These papers comprise correspondence about the purchases; worksheets of poems; typescripts and carbon-copies of poems; 1 photograph of Gavin Ewart in 1950 and 3 photographs of Gavin Ewart with Philip Larkin in 1979; photocopied extracts of Ewart's poems in the London Magazine June 1980; one interview with Ewart; some letters to the press circa 1981; some manuscript prose and files of personal and professional correspondence.
The worksheets in more detail are as follows: there are worksheets of poems such as 'True Love' and 'The Gentle Sex' which have appeared in newspapers (The Guardian, 14 February 1975 and The Observer, 9 February 1975 respectively) and worksheets for the following published collections of poems - Be my guest (1975), No fool like an old fool (1976), The first eleven (1977) (for which there is also one copy of the published work), Or where a young penguin lies screaming (1978), All my little ones (1978) (for which there are also worksheets of poems not used).

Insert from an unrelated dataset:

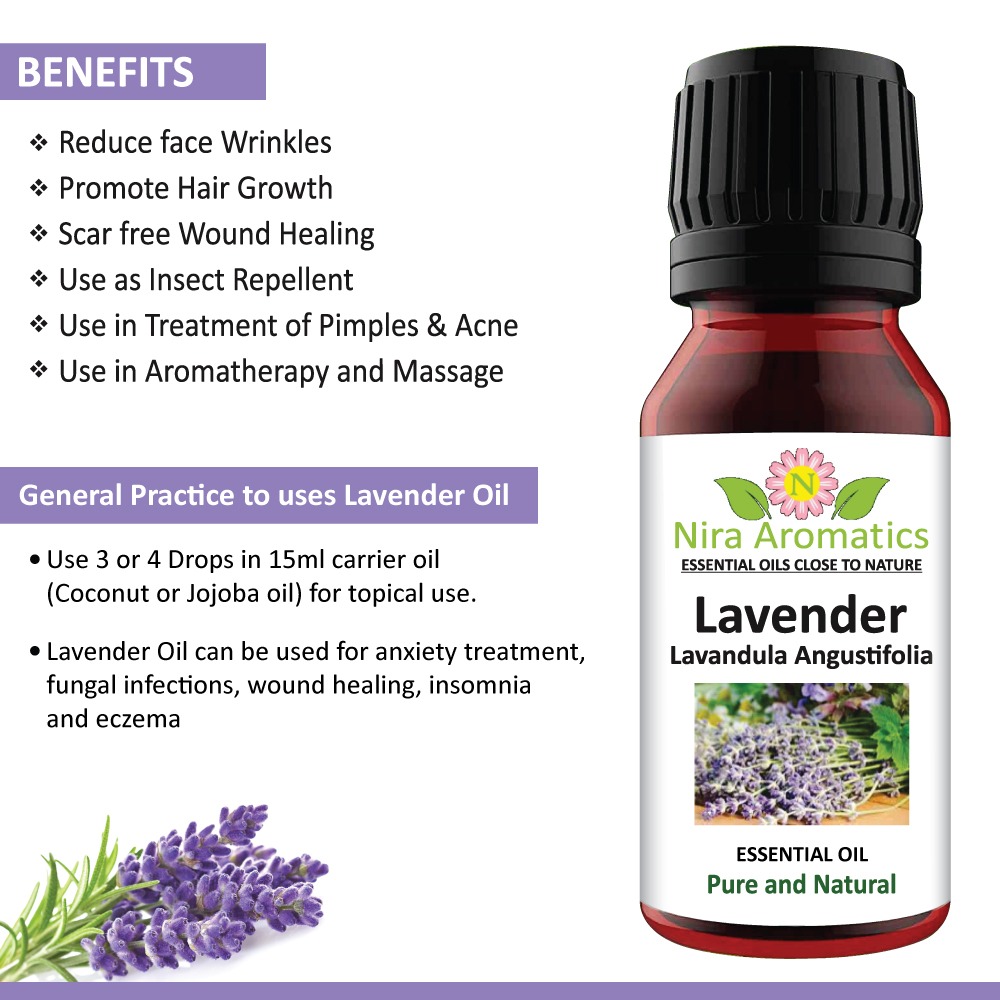 Lavender Essential Oils - How they can benefit your whole Family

There are several hundred worksheets of poems which post-date these published collections. Prose worksheets include A fine romance, Her dream come true, London's buildings, and Dawn must break. There are two galley proofs of The deceptive grin of the gravel porters (1968).

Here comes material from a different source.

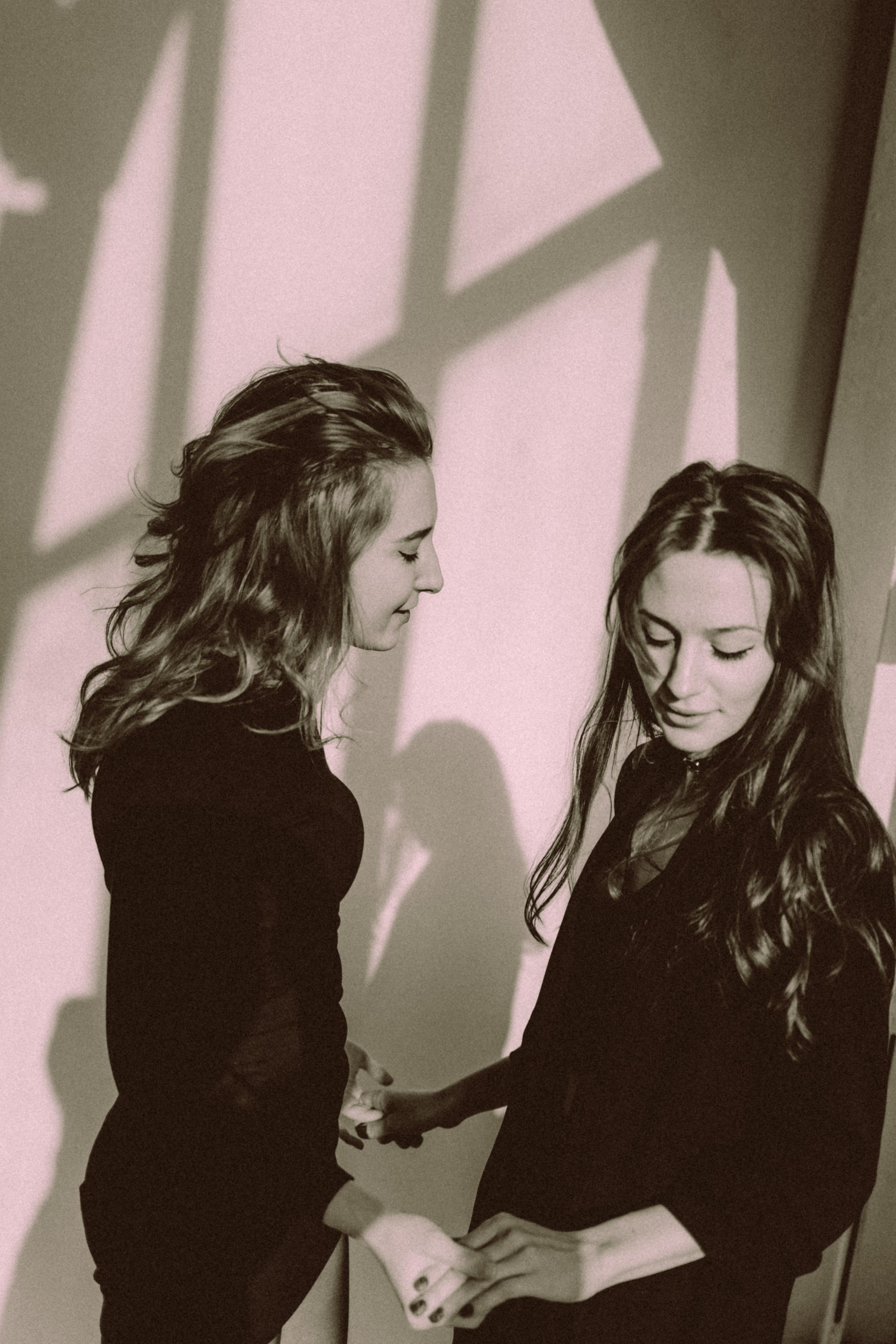 Съемка Алины и Насти. Портретный и семейный фотограф в Саратове Елена Шустова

The files of correspondence begin in 1945 and correspondents include Kingsley Amis, John Betjeman, Robert Conquest, Roy Fuller, Christopher Logue, Philip Larkin, C P Snow, John Gardiner, Marghanita Laski, Harry Chambers, Charles Osborne, Peter Porter, Anthony Rota, George Macbeth, Richard Boston, Lincoln Kirstein, Alan Ross, Sam Wanamaker, Douglas Dunn, Anthony Thwaite and Fleur Adcock. The correspondence also contains typescripts of Ewart's poems such as 'The magic lolly' and 'The dream of the horses'.